街角を曲がったときに見える、風景のような文化

細野
即興とか作為、そして音楽の聴き方の話からJ-POPの話になったけれど、文化がいい流れをしているとはけっして思えないの。例えば、概して言えばミュージシャンは最近どんどん貧乏になっていっている。それはやはり寂しいことだけれども、まだ世の中の経済状態が半端なのではないかと思う。中国の経済力が日本を抜くとかGDPがどうとかいう情報が実体はともあれ一人歩きしていて、われわれの日常に植えつけられてしまっている。それは相対的な評価だから、抜かれたとしても大変なことではないと言う人もいる。要は、心理的な面でも不景気が蔓延していて、今はある種の飽和状態を迎えている。けれど、ここで何かもう少し切羽詰ったことが起こらないと次の手の打ちようがない。病気もそうだけれど、半端な症状では手が打てなくて医者が相手にしてくれない。今われわれはそのような世界にいるのではないか。例えば1930年代のアメリカ経済は世界恐慌のなかでどん底だったと思うけれど、ガーシュインとかアーヴィン・バーリンとかが素晴らしい曲を残している。だからエンターテインメントはそんなときにもっと輝いてもよいと思うんだよね。そういう可能性があるなら、今の状況はひとつの試練であり楽しみでもある。

藤幡
日本は経済も政治も、危機感を煽るという方法で成長を促進させてきたわけですが、今はその転換期ですよね。身近な意味での豊かさみたいなものを見つけなければいけなくて、それが文化だと思う。ヴィトンの服を着るということではなくって、街角を曲がったときに見える風景のような、簡単なことなんですよ。

細野
だから例えば、ヨーロッパの人たちは鍛えられているというか、文化の支えがあるからなのかすごく楽観的じゃないですか。

藤幡
そう。ヨーロッパに行くと、今の時代でも外のことをぜんぜん知らない人ってたくさんいますからね。若いくせに「生まれたこの街が最高」ってどういうことなんだよ、と(笑)。

細野
楽観的な世界観のようなものを江戸文化に求めている若い人もたくさんいるようだけれど、それはわかる気がするんだよね。

藤幡
ずいぶん前ですけれど、荒川修作が面白いことを言っていました。日本人は富士山があるから日本だと思っているんだろう。だから富士山を破壊して更地にしろ、と。それくらいのことをして初めて日本人にアイデンティティのゆらぎが生じて、皆がまじめに考えるようになるんじゃないか、と。
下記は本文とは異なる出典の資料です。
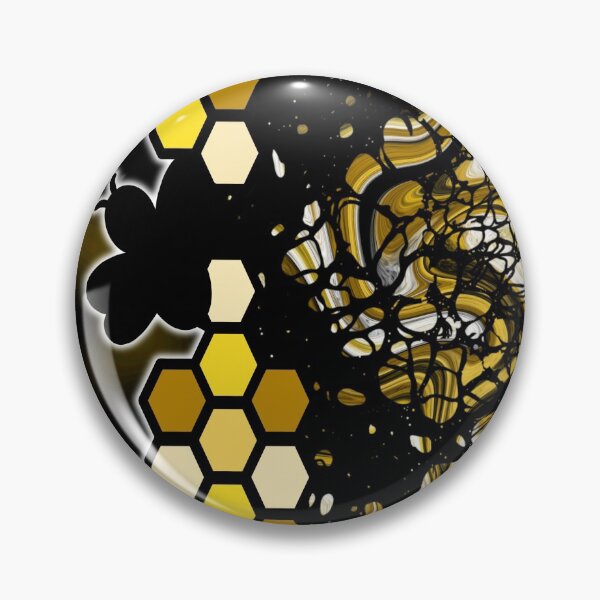 Item preview, Bee Curious, digital fluid pour with cells designed and sold by MayGreenAbgrall.
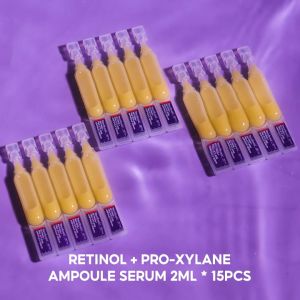 VIBRANT GLAMOUR Retinol Pro-xylane Ampoule Serum 2ml*15pcs Copper Tripeptide Ampoule Second Throwing Triple Anti-aging Anti-wrinkle Whitening Promote collagen Reduce fine lines
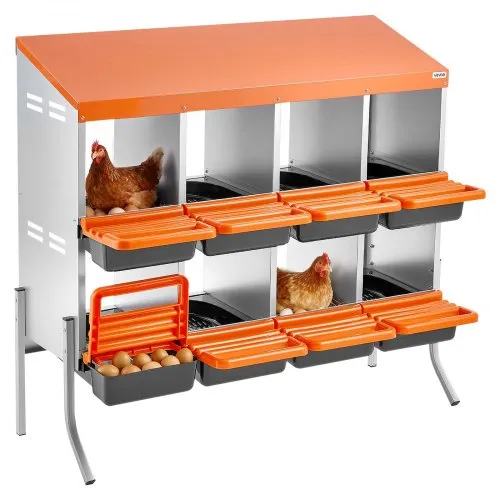 VEVOR 2-stöckiges Legenest 1060x525x990 mm, 8 Fächer, Hühnernest aus Metall mit Stützbeinen, Geflügelnester, Abrollnest, ideal für Hennen, Enten, Hühner & anderes Geflügel, Orange VEVOR 2-stöckiges Legenest 1060x525x990 mm, 8 Fächer, Hühnernest aus Metall mit Stützbeinen, Geflügelnester, Abrollnest, ideal für Hennen, Enten, Hühner & anderes Geflügel, Orange
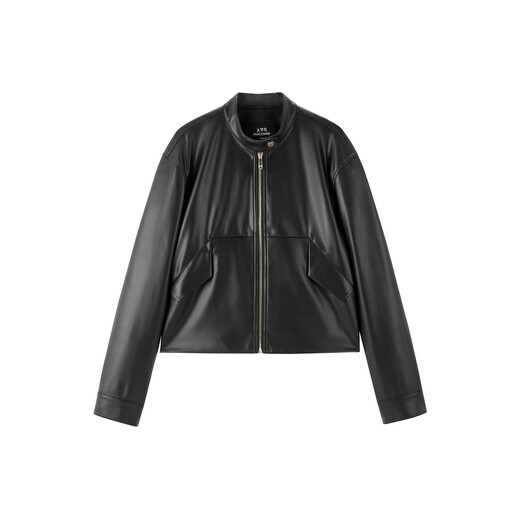 
Peacebird gold buckle small stand collar imitation protein PU leather jacket for women 25 years new truncated motorcycle leather jacket black M 160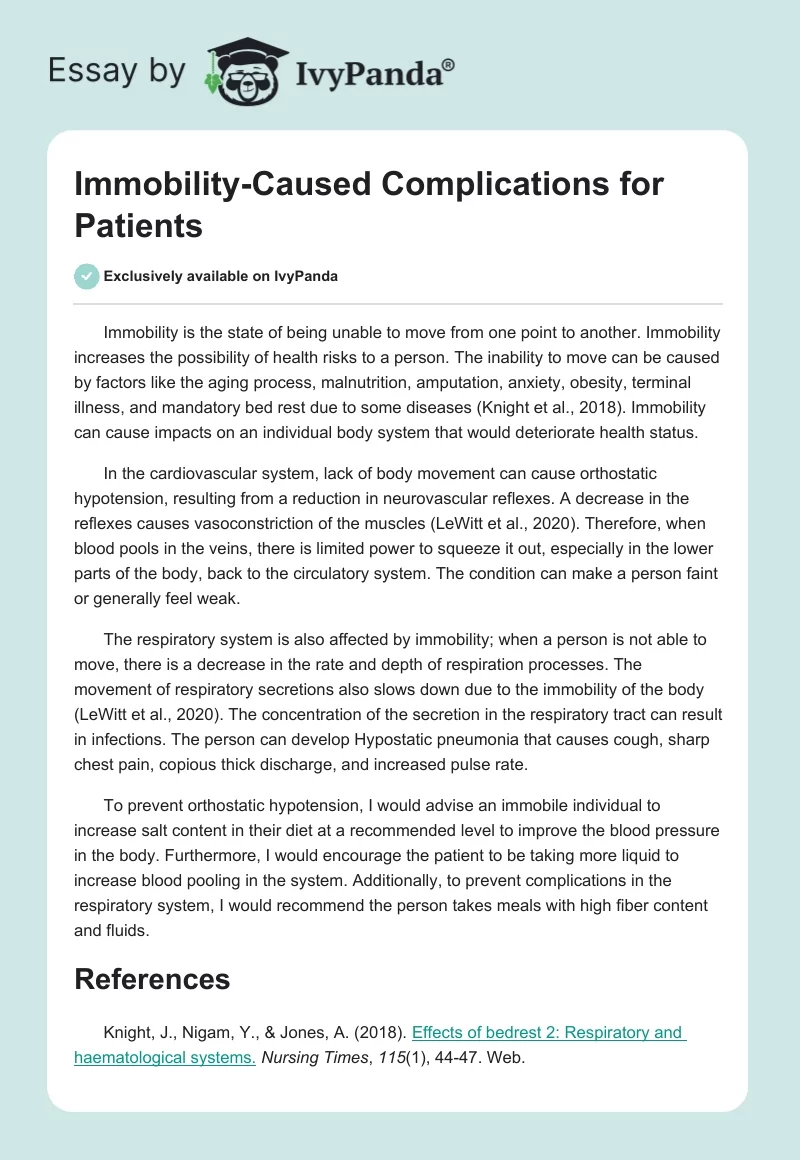 Immobility-Caused Complications for Patients. Page 1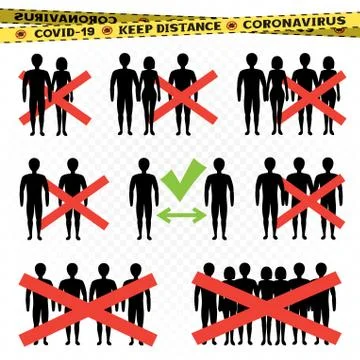 Stop coronavirus and keep distance sign symbol Stock Illustration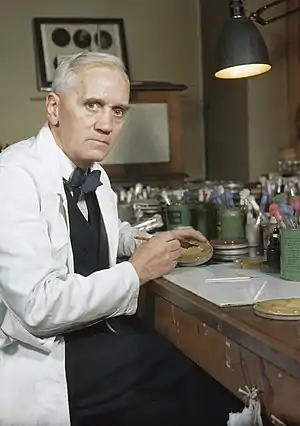 Sir Alexander Fleming, was a Scottish bacteriologist, biologist, pharmacologist and botanist. He discovered the antibacterial enzyme lysozyme in 1923. Later he isolated and studied the antibiotic substance penicillin from the mold  Penicillium notatum in 1928.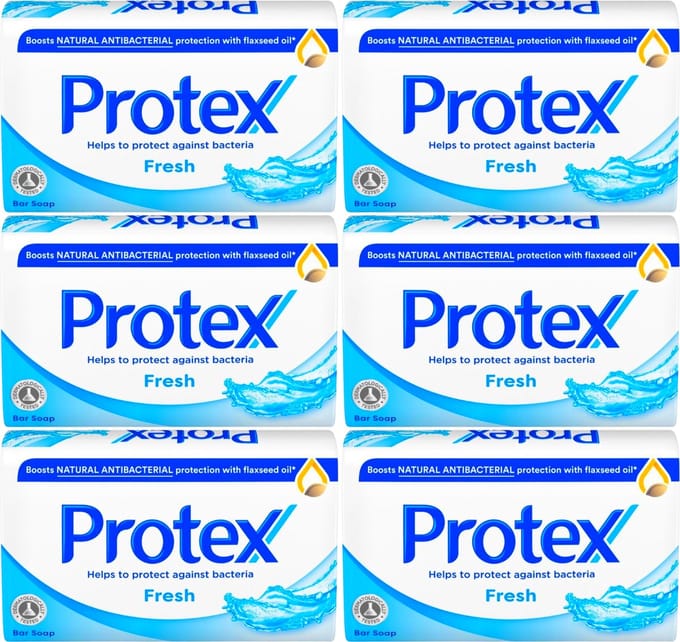 Protex Zeep Fresh - Antibacterieel Zeepblok - Voor Gezicht en Lichaam - 6 x 90g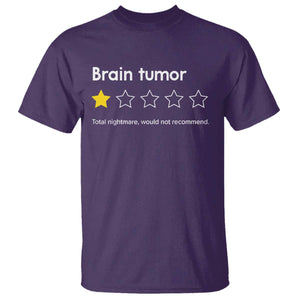 Brain Tumor T Shirt One Star Would Not Recommend Brain Cancer Awareness TS10 Purple Print Your Wear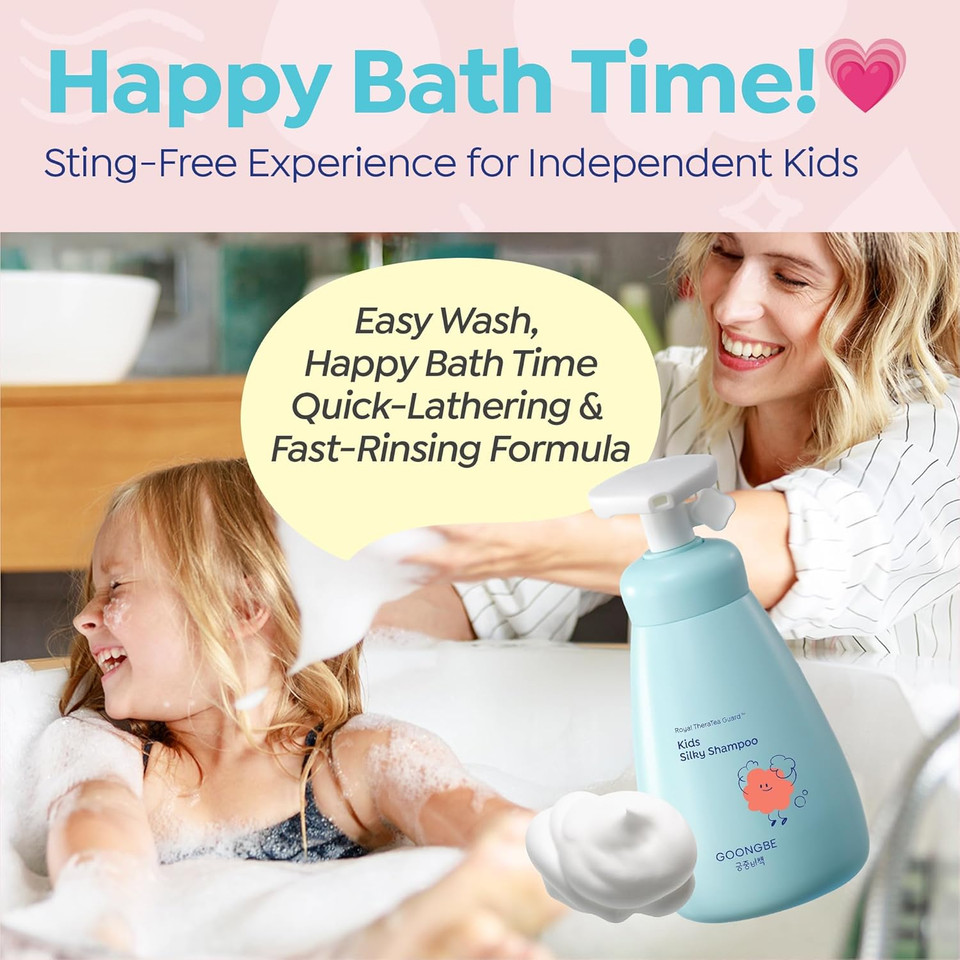 GOONGBE Kids' Detangling Shampoo - Silky Shine for Frizzy Tangle-Prone Hair – Silicone-Free Low pH with Silk Protein & Macadamia Oil – Tear-Free Tested, 25 Allergen-Free – Korean K-Beauty, 10.1 fl oz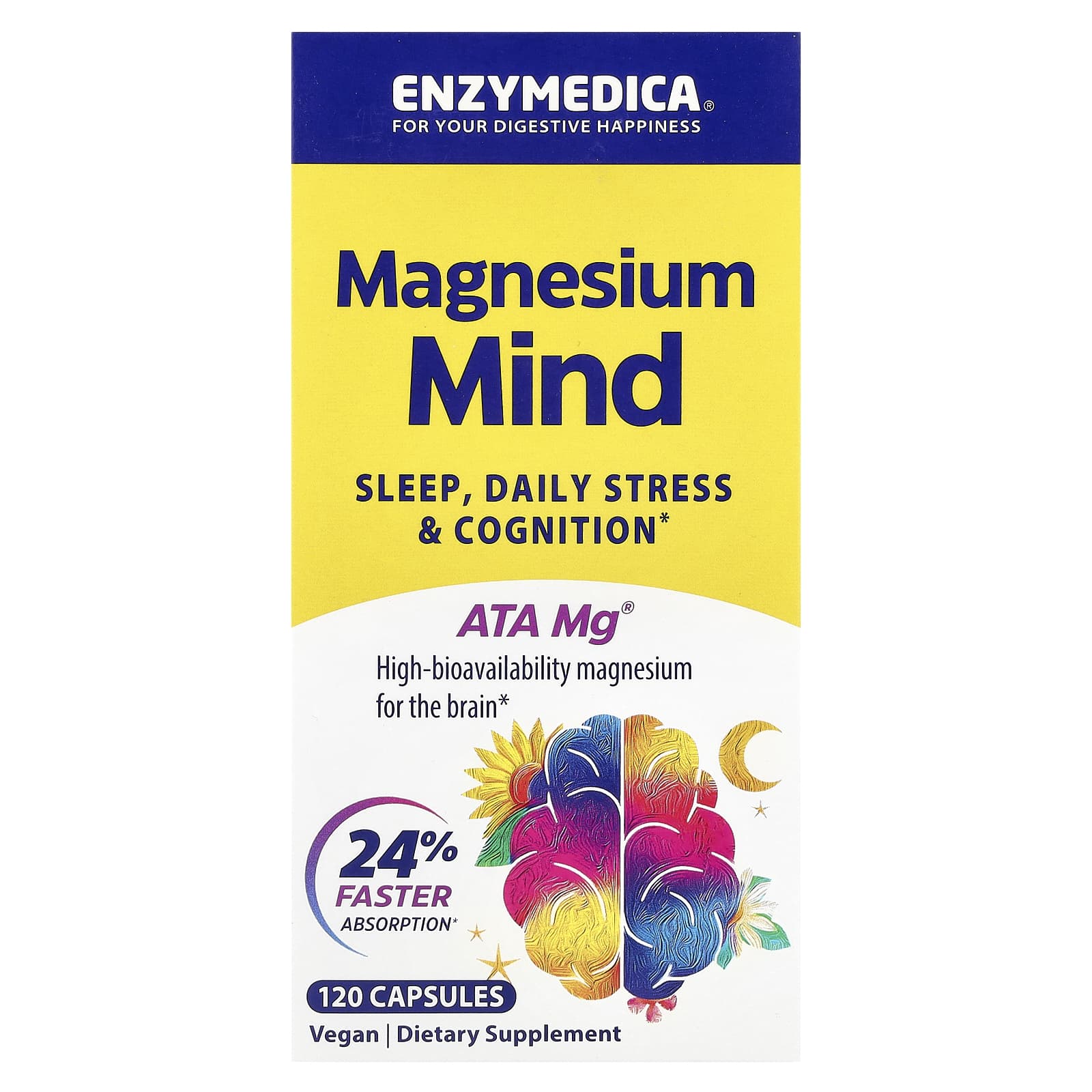 Magnésio Mental - 120 cápsulas - Enzymedica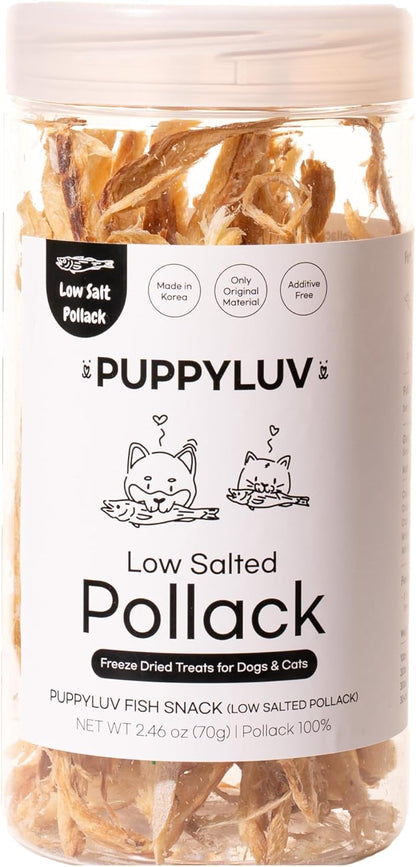 Puppyluv Treat - Air Dried Pollock Dog & Cat Treats, Wild Caught, Single Ingredient, Natural High Protein & Fish Oil, Grain Free, Gluten Free, 2.5oz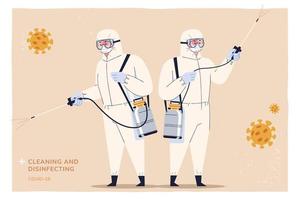 Two people with hazmat suits carefully disinfecting the settings to avoid coronavirus transmission during COVID-19 outbreaks, isolated on straw yellow background in flat design vector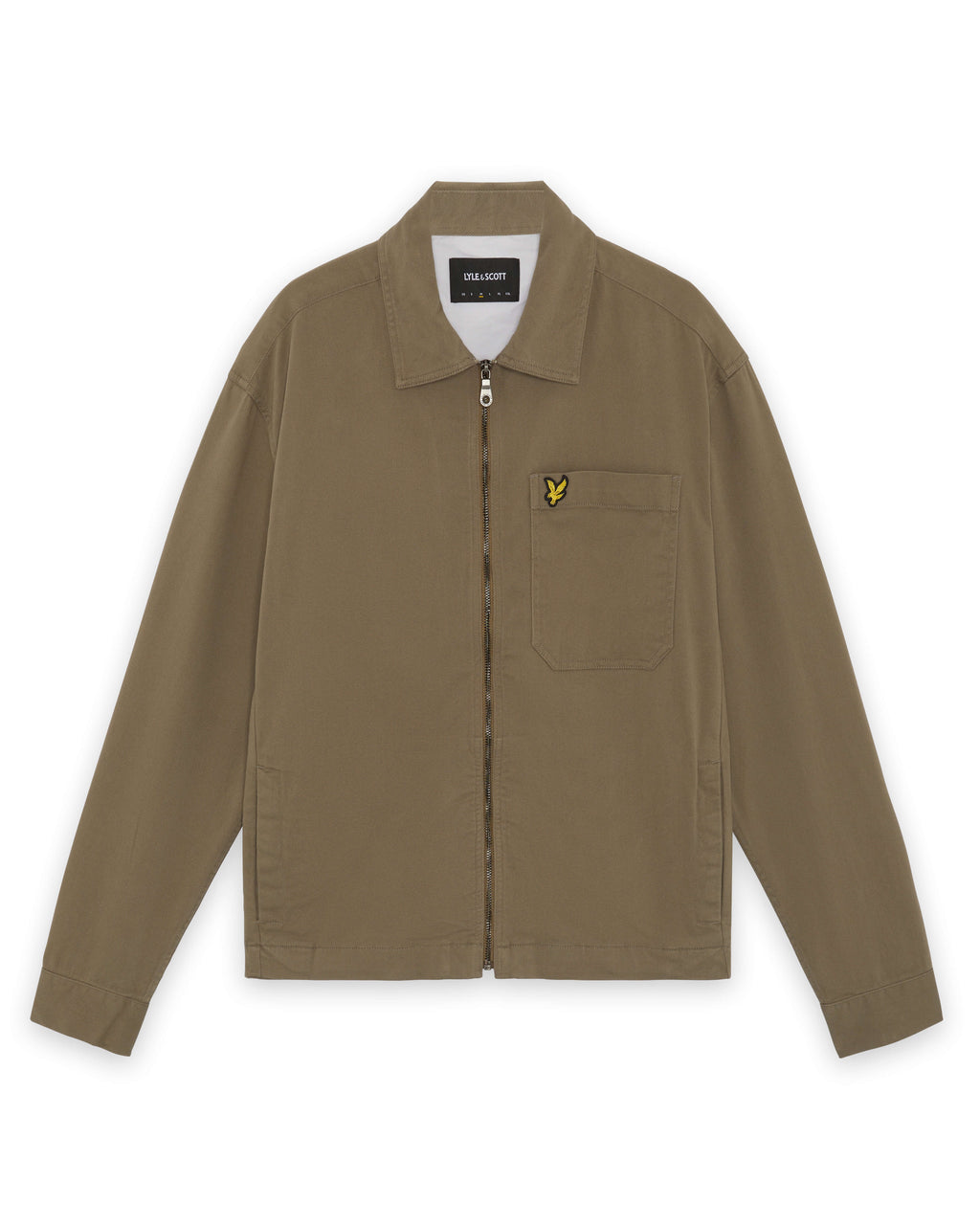 Lyle & Scott Enzyme Wash Zip Overshirt - Khaki Ash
自覚させるにはそのくらいのことが必要なのかもしれません(笑)。
対談風景
細野
なるほど、そのとおりかもしれない(笑)。僕はこのあいだテレビで富士山の特集を見ていて、すごい山だな、これがあるから日本人はやっていけるのだなと思った。そのときは壊そうとは思わなかったよ(笑)。

藤幡
そういう意味では、もう一度日本を見直すということを考えるべきかもしれません。細野さんはそういったことを何回かされていますよね。

細野
僕もやっているけれども、仕方なくなんだよね。でも今の状況にあるなんか嫌な物事というものは見えやすいけれど、良いことというものは表に出ない分だけ水面下ですごく拡がっているような気がする。表に出ているのは上澄み、灰汁だけではないかと思う。今の僕は、その下の拡がっている何かから感じていることが多い。これまでもいろいろな革命はあったわけです。政治革命、産業革命など大きいマッスの単位で革命をしてきた。けれども今はそのようなことは考えられないし、エコロジーのような運動もあるけれど、大きな意識を形成することはないと思うの。10年以上も前にも言っていたことを思い出してまた今しゃべっていますが、僕自身がそうだったけれど、一人ひとりが静かに変わっていく時代だと思う。そのような人が少しずつ増えている。だから静かすぎてわかりにくい(笑)。今は静かなものが力をためているんじゃないかなあ。

藤幡
それはどこかで堰を切って溢れてくるものなのですか?

細野
何かのきっかけでたぶんそうなると思う。日本は富士山がいつまでもあるとは思えない国ですよね。富士山が大噴火を起こして今の形になったのがつい300年くらい前だったように、いつかまた富士山は爆発するから。それだけではなくて、テレビでも煽っているように、地震は必ずくる。そういう自然史が分岐点になっちゃうと思う。これは避けられないことで、それによって人は変わっていくしかない。僕の思う飽和状態とはこのようなことなんだよ。

藤幡
地形的にも経済的にも大きな変化が訪れるだろうと。たしかに歴史的には日本はそのようにして変わったことの多い国ですね。自然史じゃないけど列強の外圧もありました。つまり日本人の意志とは関係のないところで変化が起こっています。そうした変化が突きつけられ、それに対する処し方如何で今ができているということは事実ですね。

細野
地震の予知はできないことになっているけれど、そのことが暗に教えているのは、今日起こってもおかしくないから一人ひとり準備しなさいということです。逃げたい人は逃げる、整理したい人は整理しなければいけないと。僕は神戸に行こうかなと(笑)。神戸は好きだし。

藤幡
どうして神戸なんですか?

細野
このあいだ遊びに行って、なんて居心地がよい街だろうと思った。本当に世界一好きな街かもしれない。ヨーロッパの古い街に行くとよい街だとは思うけれど、やっぱりヨーロッパはあらゆることが一色染めだから。神戸は食べ物で言えば中華、和食、洋食が並んでいる。建物も大事にしているし、けっしてわさわさしていなくて、どこか停滞している感じもいい。理想的な街だと思う。僕は港町が好きだけれど、横浜はどこか港という感じがしないし。

藤幡
おっしゃるとおり。学校が横浜にあるのですが、港と街の間に接点がないのが残念。

細野
だからアーティストが皆で神戸に行って、そこで何かやればいいのではないかと。東京でも小出しにやってはいるけど、広すぎて散漫で、限界を感じてます。